Decentralization, signaling and minimalism

You can think of our giant human brains as an evolutionary cost of overcentralization.

To see why, compare us to ants and bees.  Those tiny brains accomplish highly organized group behaviors through extreme decentralization.  Individuals signal one other in simple ways — a scent, a dance — and peers respond robotically to those signals, resulting in amazing aggregate accomplishments.

Individual humans act with less coordination, and a cost of this is that we must be more flexibly intelligent, which requires carrying around a giant brain, which requires a giant body, which requires tons of food.  I’m not complaining, mind you.  Very glad I’m not an ant.  But this is an interesting way to look at the two forms of organization.

Decentralized decision-making, with simple communication signals, allows amazingly organized and economical group behavior, requiring little wasted effort, and little intelligence.

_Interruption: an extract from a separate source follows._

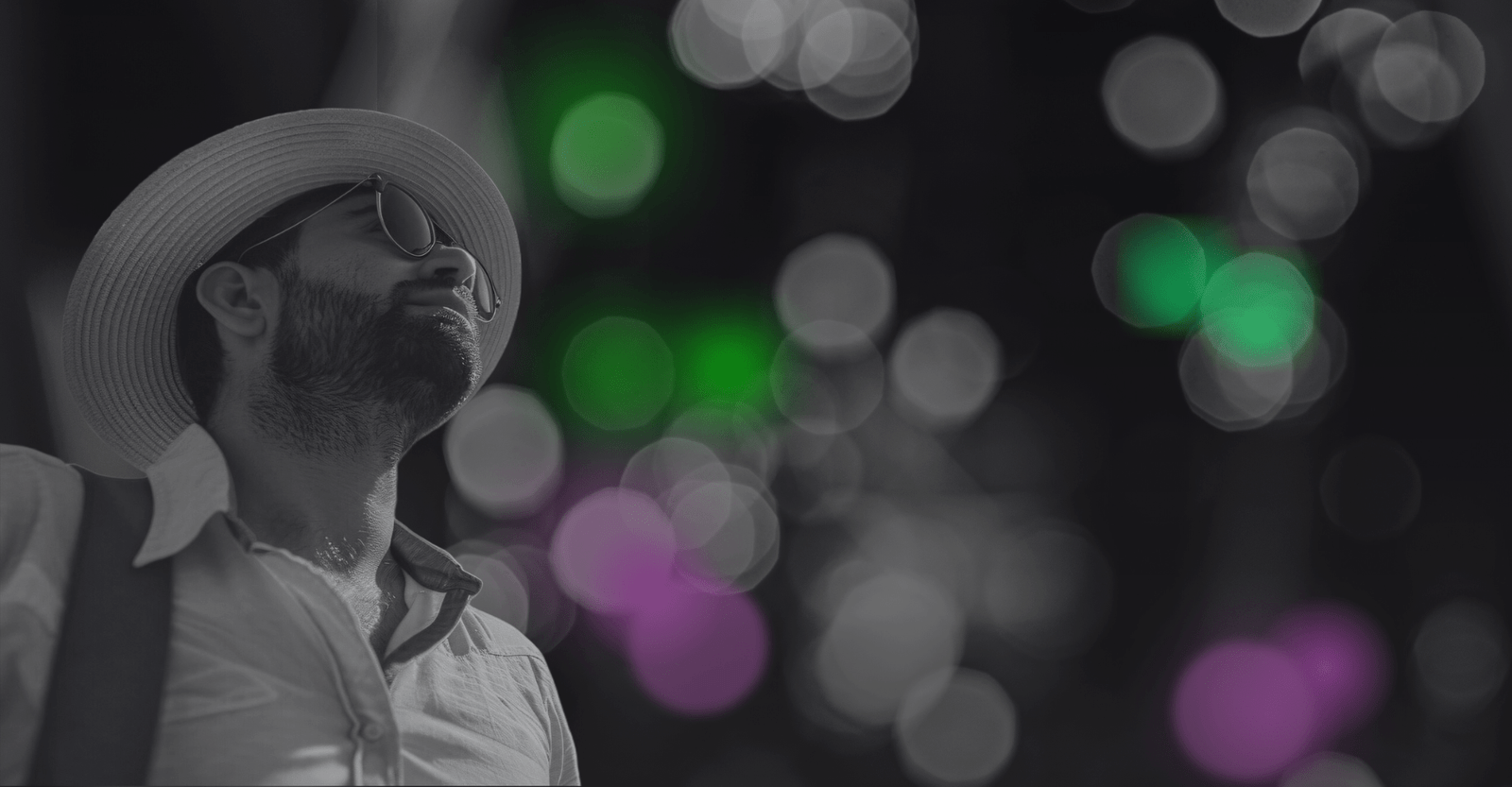 Family Visa in Dubai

This idea — decentralization + signaling = minimalism — can be applied broadly.  It works in one’s personal life, in organizations, and even nation-states.  The more decentralized, the better, until you reach a point of diminishing returns (where the cost of signaling among all the independent actors is greater than the benefit).

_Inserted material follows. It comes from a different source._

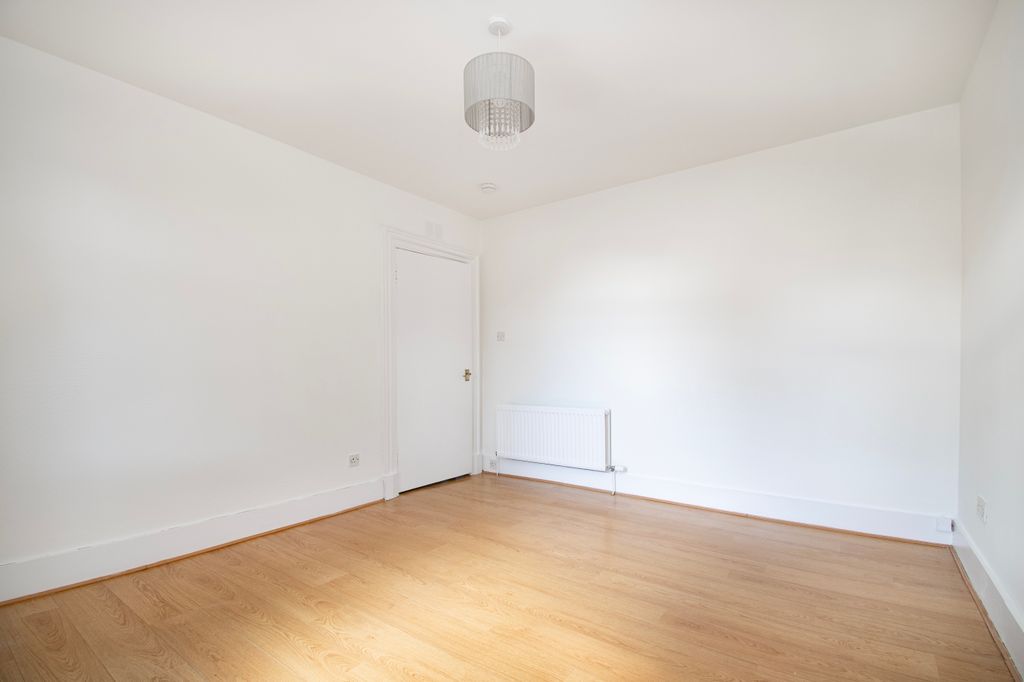 Additional image 17 of 2 bed flat for saleWhites Place, Montrose DD10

One could argue that communism failed in the 20th century mainly because centralized supply forecasting was hopelessly complicated.  Without private ownership, independent buyers and sellers could not rely on price to signal supply and demand.  Instead, a huge government staff was needed to estimate — very badly — the supply requirements of a modern economy.  Computers would have helped, but still could not have kept up with the exponential increase in economic complexity over the past century.

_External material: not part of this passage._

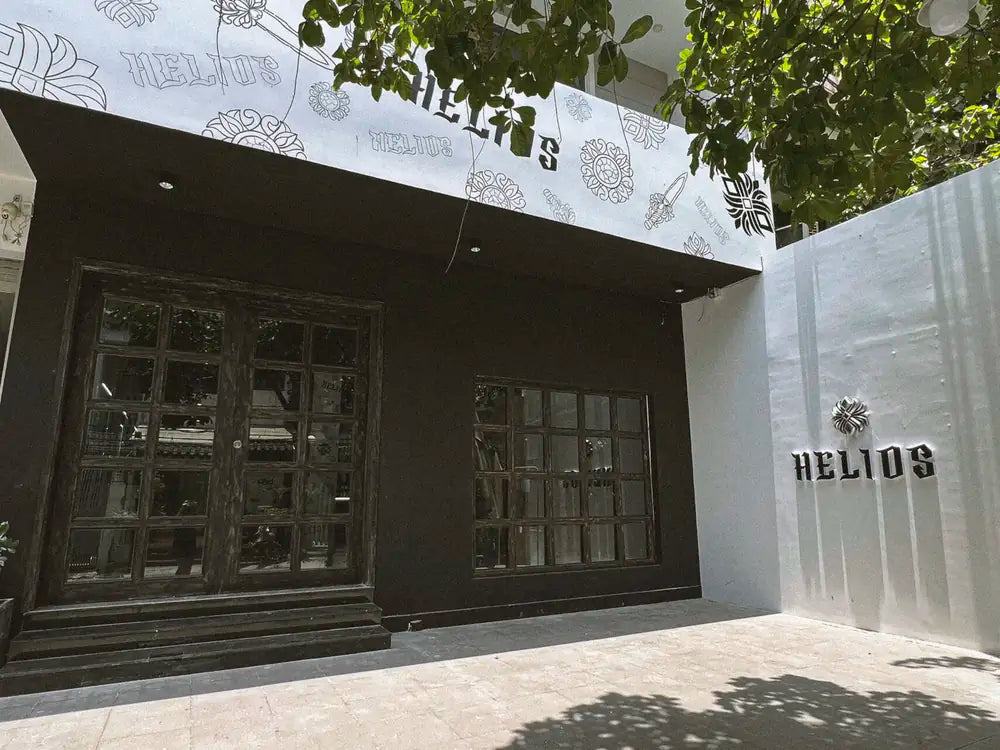 HELIOS NGUYEN GIA TRI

Many of the most successful U.S. companies of the past 50 years — those that have built the most share value — have tended to run extremely lean, decentralized operations, except for a highly centralized capital allocation (investment) function.  The most extreme example:  Berkshire Hathaway owns over a hundred companies, employes over a hundred thousand Americans, pays about 2% of all U.S. corporate tax — yet it has only about 20 people in the head office, who are focused almost exclusively on investing.